1) Safety - The temperature "danger zone" where microbial growth is greatest is between 40 degrees and 140 degrees Fahrenheit. If the food is thawed, very likely it has been inside this zone (above 40 degrees), thus increasing the possibility of getting some food born illness.

2) Quality - Ice crystals form jagged little points that break the cell walls of the food you are freezing. The faster the ice crystals form, the smaller the crystals, and the less damage. Commercial operations freeze food at -40 Fahrenheit to minimize the size of crystals (interesting side note: Clarence Birdseye figured this out while he was ice fishing and his catch froze, but thawed with a decent texture. He is now known as the father of the frozen food industry). Anyway, when a food is frozen, thawed, and refrozen, it increases the amount of damage. Especially when the refreezing is only done at zero F, when the ice crystals are larger. So I would still avoid the thawed foods because their quality is likely inferior.
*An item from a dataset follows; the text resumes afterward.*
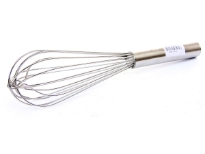 Stainless Steel French Whip with SS Pipe Handle. Weight: 150 gms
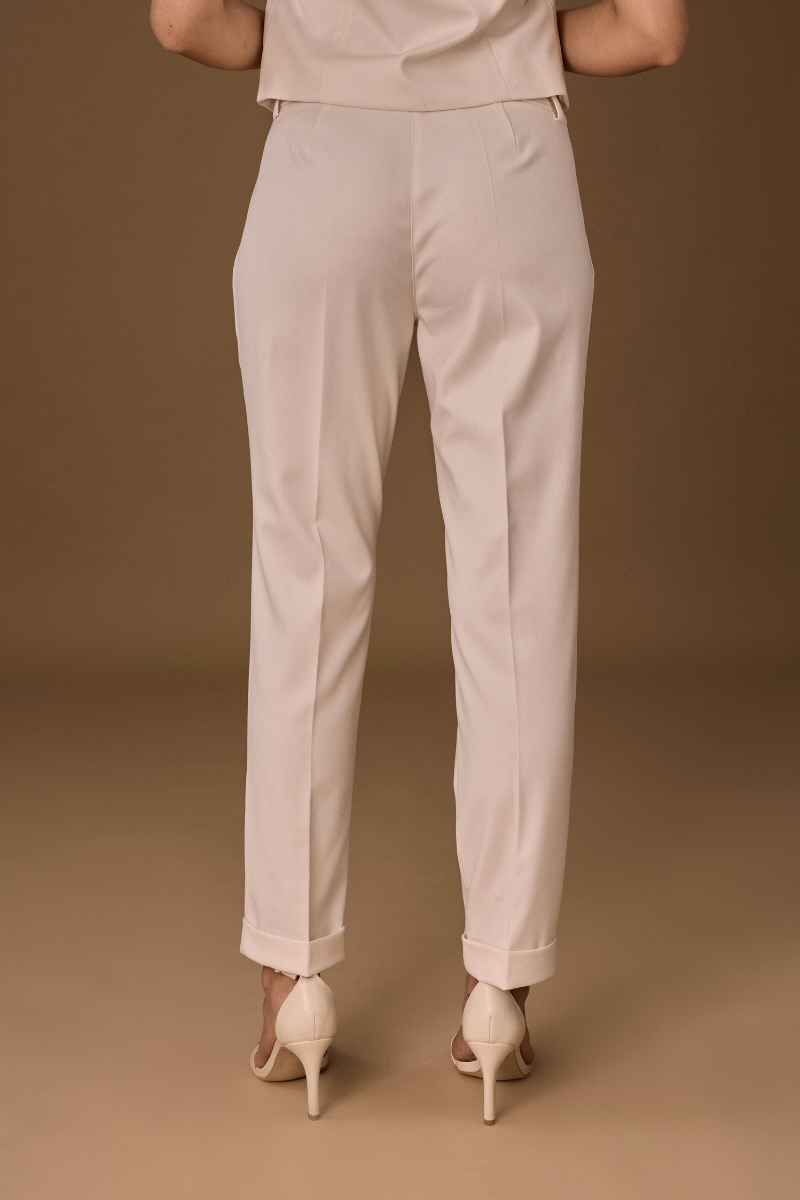 Pantalone Sartoriale Capri burro|Colore:Burro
posted by I am the Walrus at 1:23 PM on March 30, 2010


If you cook the nuggets or pieces to the temperature stated on the package (or if the package does not have a temperature stated to at least 165F...use a meat thermometer) then you are not in danger non spore forming food borne pathogens. As I am the Walrus stated, though, the ice crystal formation will cause quality defects that would likely deter me from eating the nuggets.